**What to produce**
Only the lines below from the one that contains "2 Bedroom Property" through the one that contains "Used Geely Galaxy" should appear in your answer, exact and without pictures.

**Provided records**
Start of Block

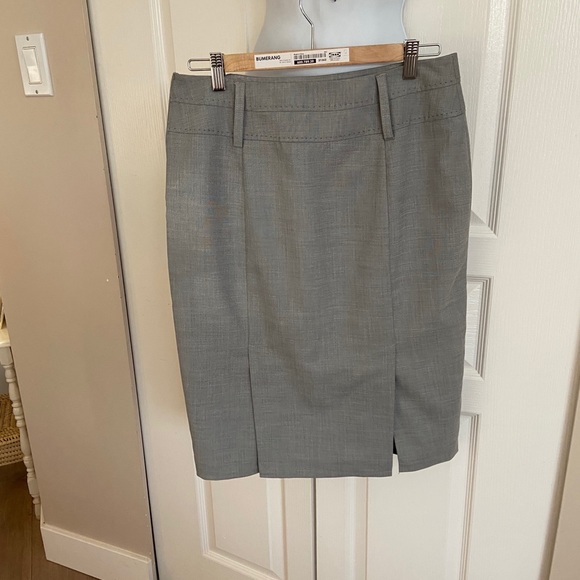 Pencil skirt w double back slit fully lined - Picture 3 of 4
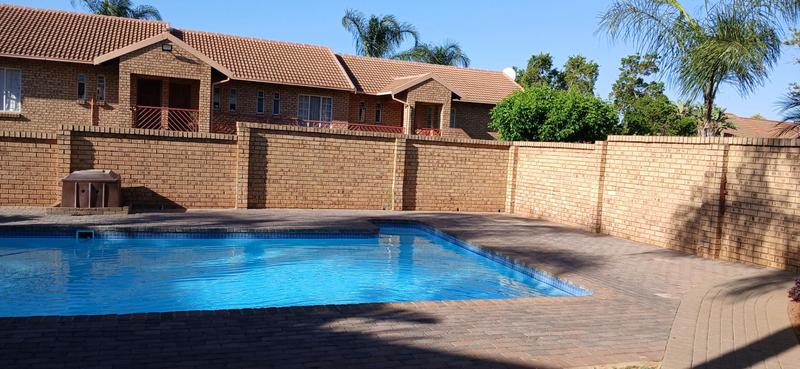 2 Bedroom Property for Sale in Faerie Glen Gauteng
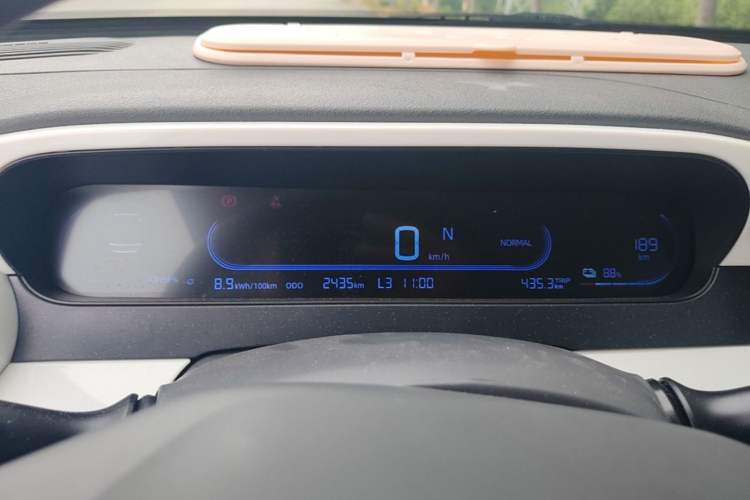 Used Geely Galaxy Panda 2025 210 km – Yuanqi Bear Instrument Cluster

End of Block
Start of Block

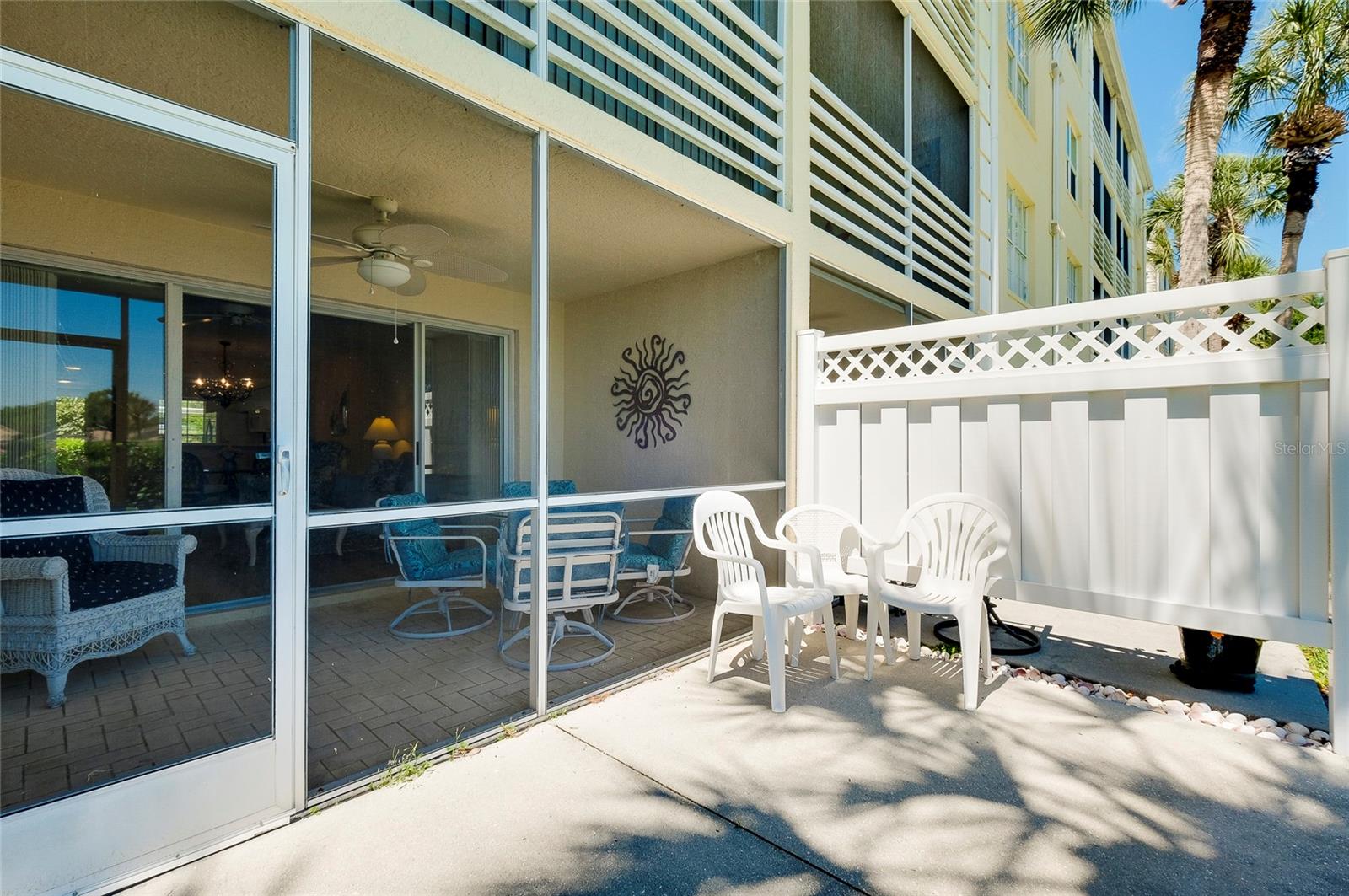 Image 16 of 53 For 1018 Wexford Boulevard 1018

End of Block
Start of Block

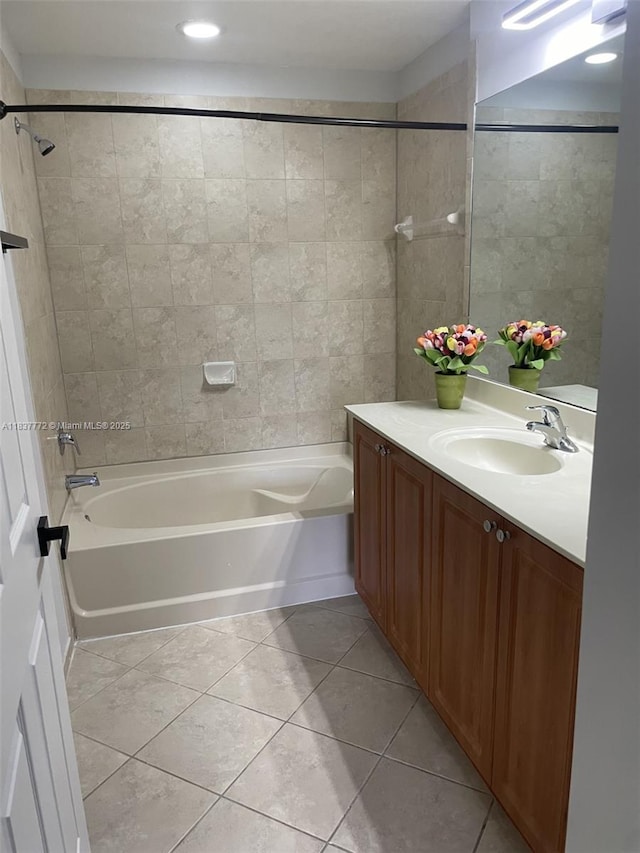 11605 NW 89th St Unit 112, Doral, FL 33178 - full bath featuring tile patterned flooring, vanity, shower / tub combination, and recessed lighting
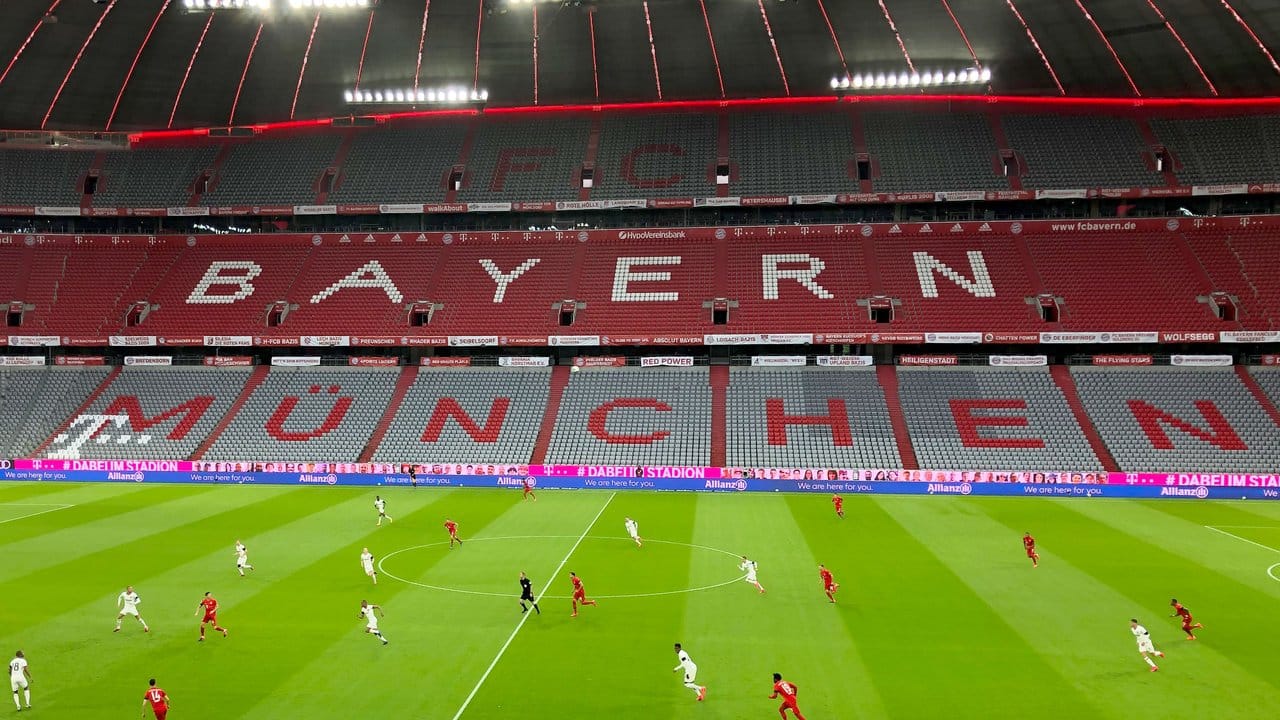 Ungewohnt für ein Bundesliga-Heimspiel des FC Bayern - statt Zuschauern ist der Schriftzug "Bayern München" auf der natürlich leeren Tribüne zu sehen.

End of Block

**Written solution**
 2 Bedroom Property for Sale in Faerie Glen Gauteng
 Used Geely Galaxy Panda 2025 210 km – Yuanqi Bear Instrument Cluster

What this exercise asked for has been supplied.